Três novos tratamentos foram recentemente incorporados ao arsenal terapêutico contra a esclerose múltipla. Infelizmente estes três tratamentos, apesar de aprovados pela ANVISA para uso no Brasil, ainda não estão disponíveis no SUS. As sociedades de especialistas vêm lutando para que o SUS passe a fornecer estes medicamentos. Apesar da demora no fornecimento via SUS, inúmeros pacientes já vem sendo beneficiados com estas medicações no Brasil e no mundo. São elas:

a) Teriflunomida: É uma substância usada por via oral, uma vez ao dia, cujo mecanismo de ação reside em bloquear a proliferação de alguns glóbulos brancos causadores de inflamação na esclerose múltipla. Trata-se de uma droga bem tolerada, com poucos efeitos colaterais, e que não causa imunodeficiência, não aumentando o risco de infecções.
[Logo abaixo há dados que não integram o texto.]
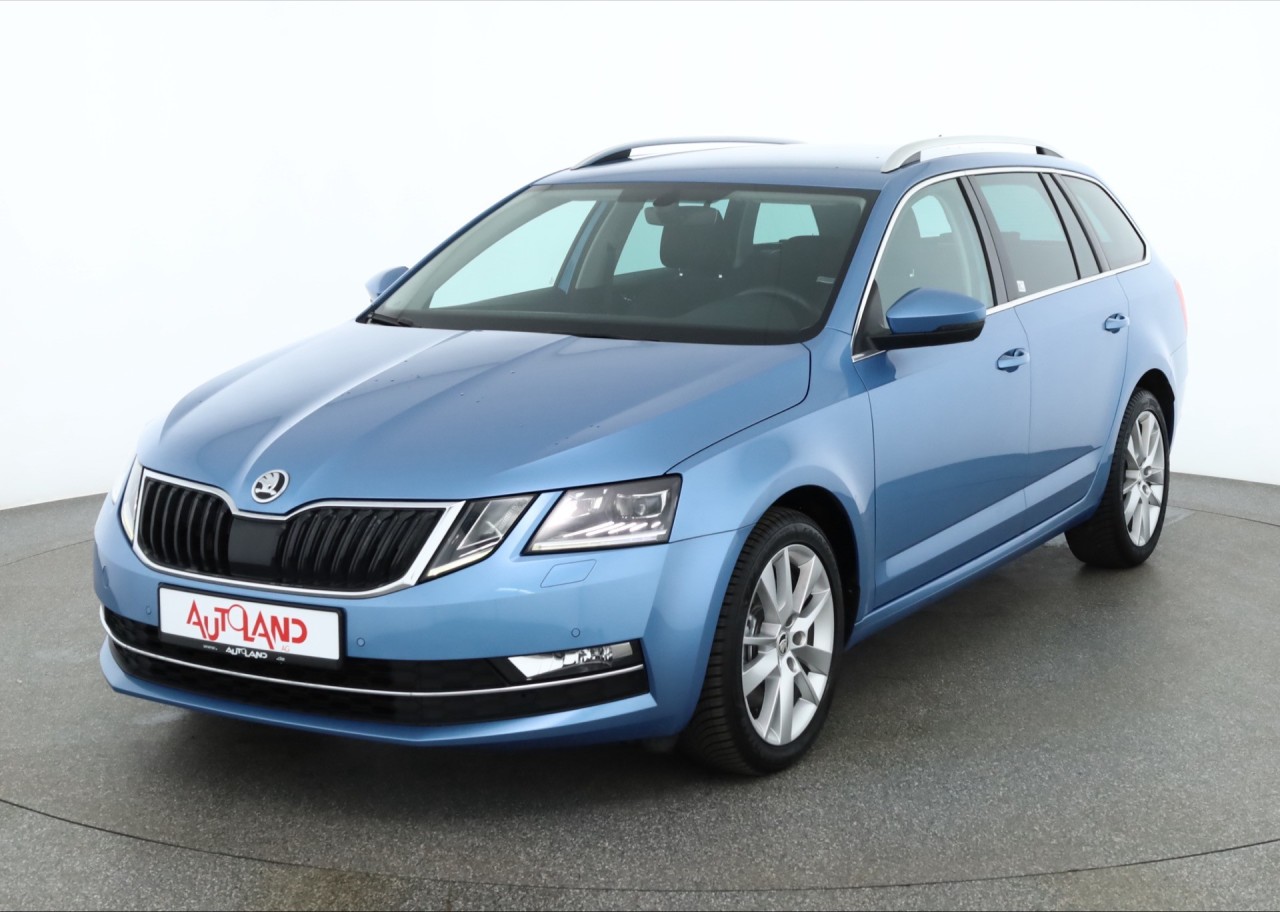 Skoda Octavia Combi 1.8 TSI Style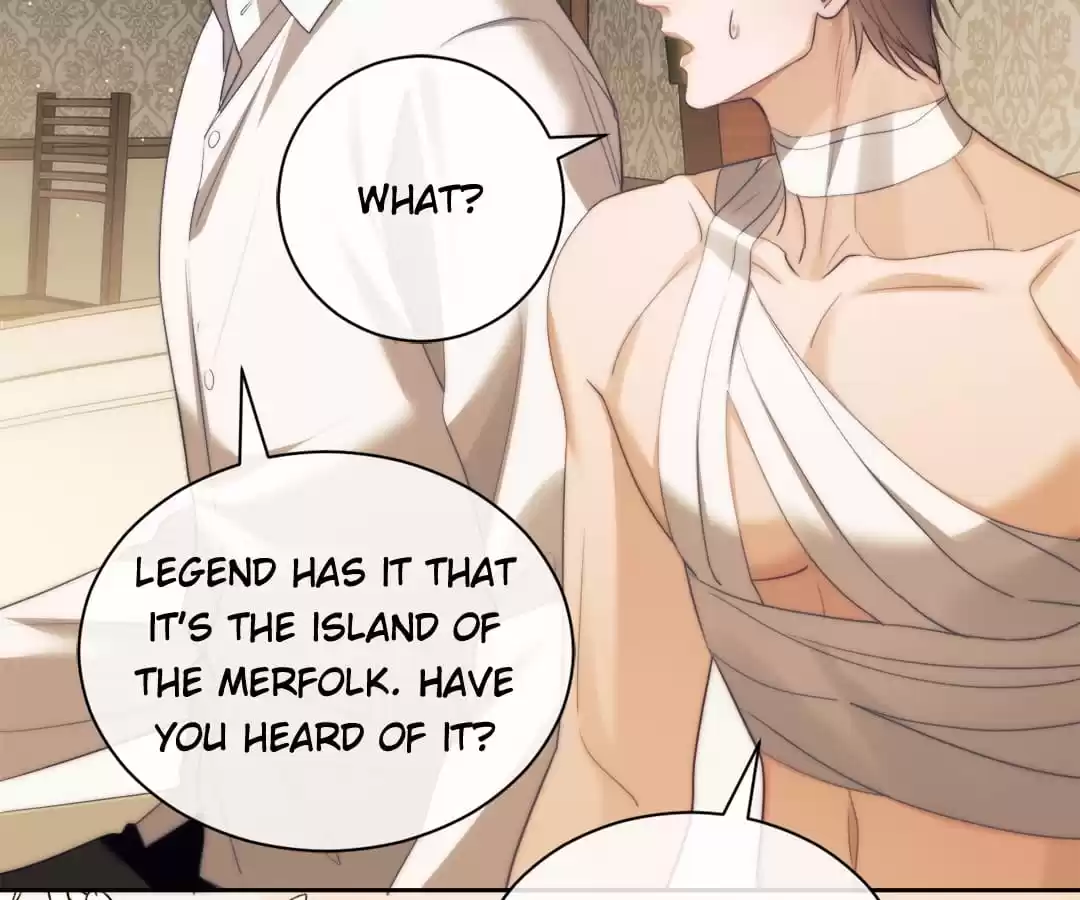 Desharow Merman [Official] - Chapter 35 manhwa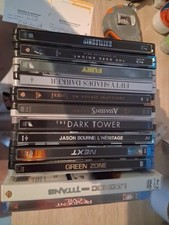 Lot blu ray d'occasion  Marly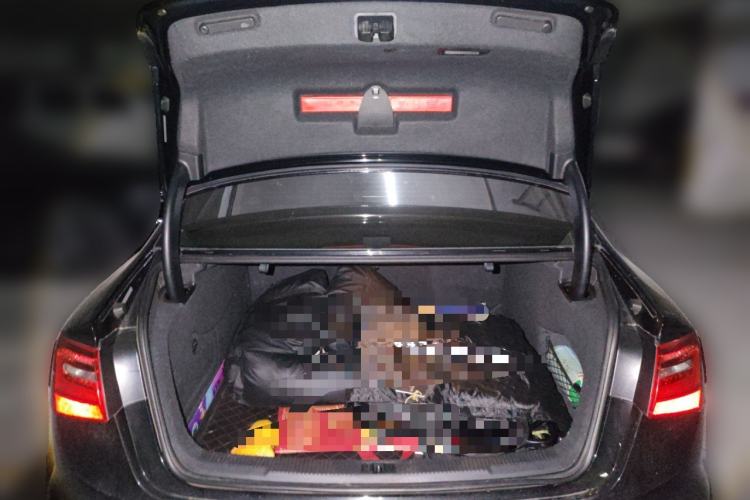 Used Audi A6L 2014 TFSI Standard Model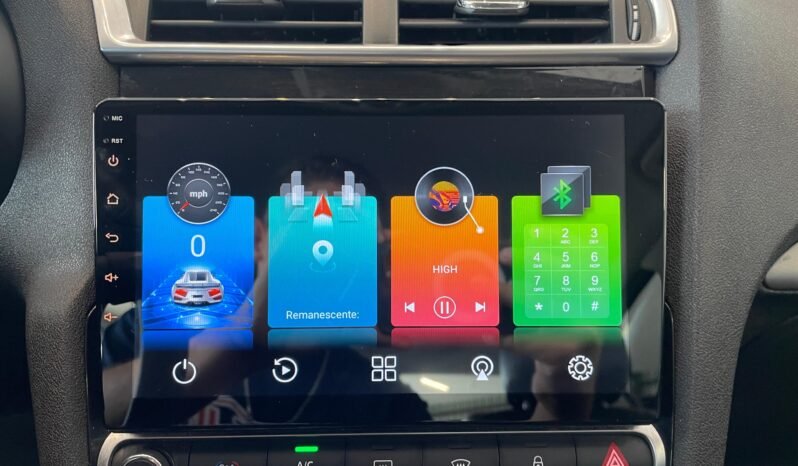 Citroën C4 Lounge Live 2019 completo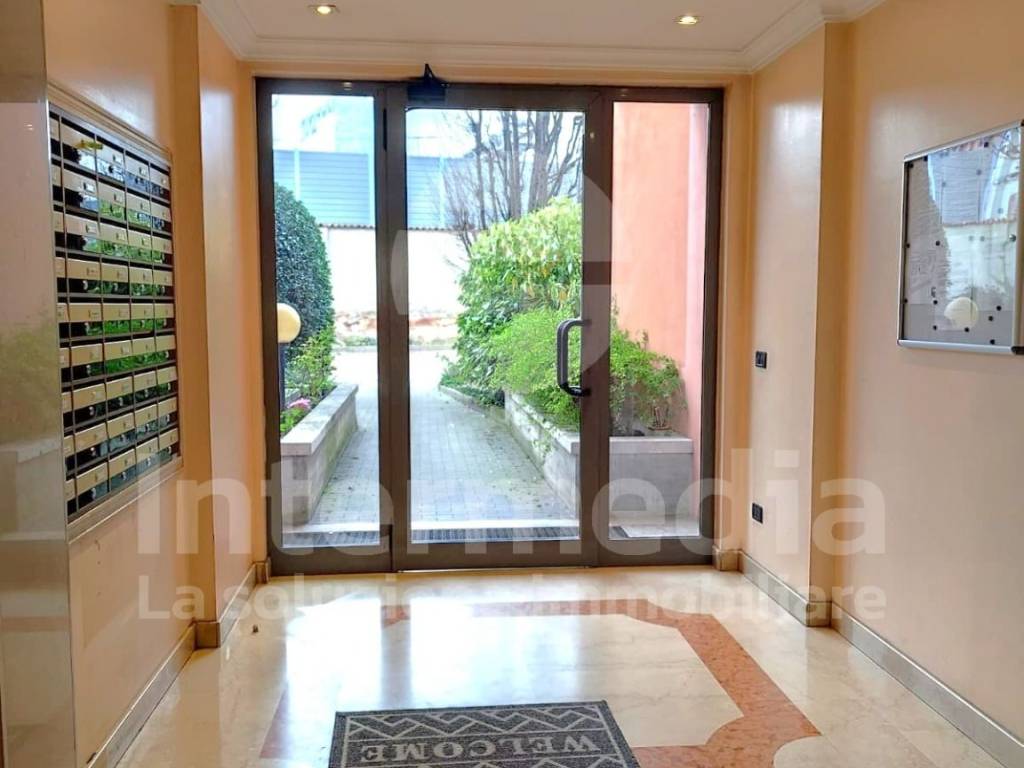 appartamento in affitto a Brescia in zona Volta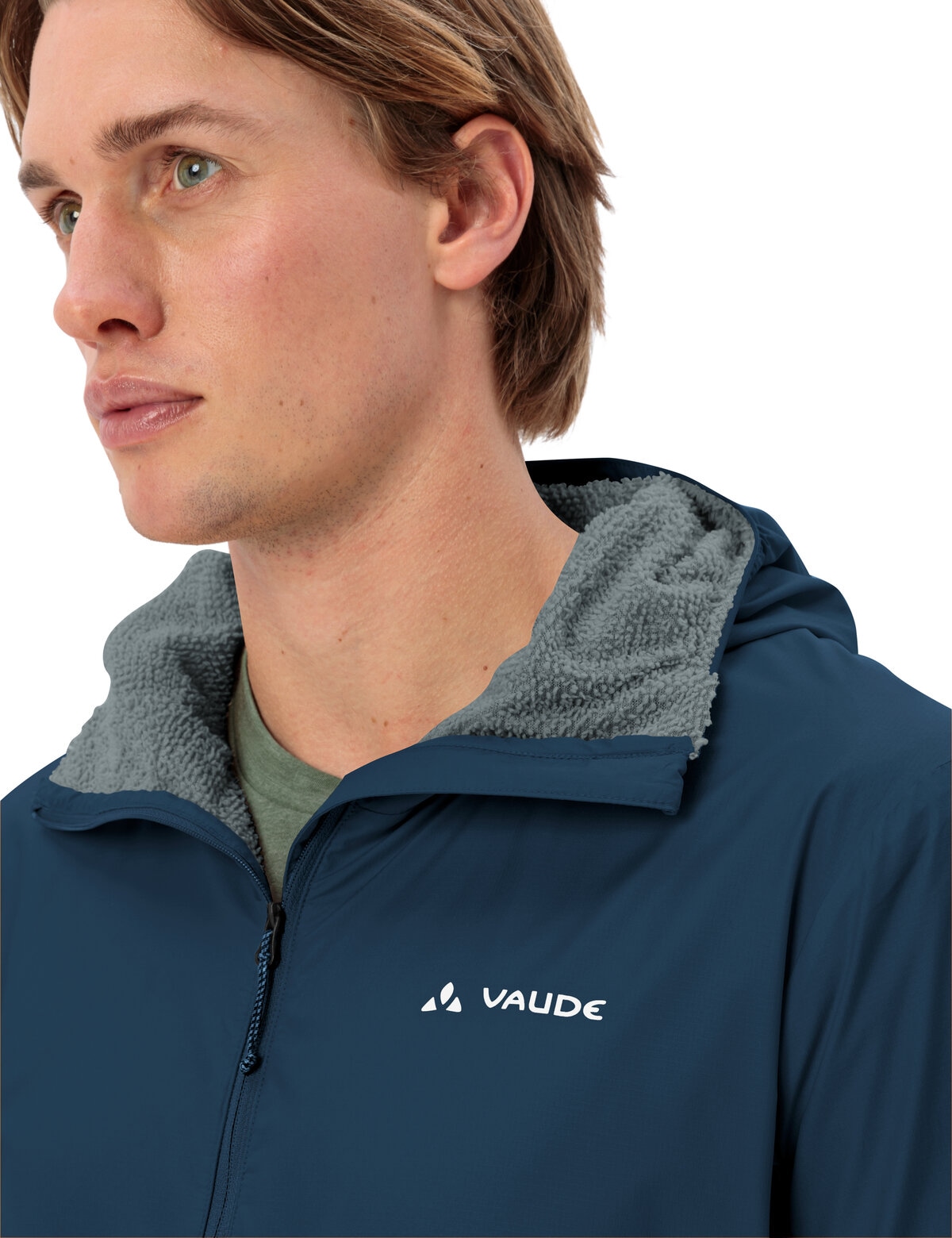 VAUDE Outdoorjacke »MEN'S SCOPI INSULATION JACKET« 1 Stk. tlg. Winddicht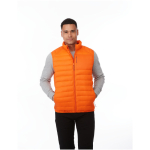 Gilets publicitaires en nylon 380T avec isolant Elevate Essentials couleur orange image nature morte 2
b) Fumarato de dimetila: Trata-se de mais uma opção para tratamento oral da esclerose múltipla, sendo usada em duas tomadas diárias. Seu mecanismo de ação não está ainda totalmente claro, mas sabe-se de atua em sistemas moleculares de proliferação de glóbulos brancos, diminuindo a neuroinflamação. Assim como a teriflunomida não causa imunossupressão e seus efeitos colaterais são pouco frequentes.

c) Alemtuzumabe: Assim como o natalizumabe, é um anticorpo monoclonal. Ou seja, é uma molécula semelhante às nossas moléculas de defesa, só que ataca células específicas. Em outras palavras, é como se estivéssemos atirando em um alvo específico para combater células autorreativas (células que atacam o próprio sistema nervoso central). Trata-se de uma medicação extremamente eficaz, feita por via venosa, sendo 5 infusões em 5 dias consecutivos no primeiro ciclo. Um segundo ciclo de 3 doses é feito um ano após. Após o segundo ciclo a medicação continua fazendo efeito por pelo menos 5 anos. É uma medicação de maior risco que as anteriores, pois pode causar imunodepressão e aumentar o risco de infecções oportunistas.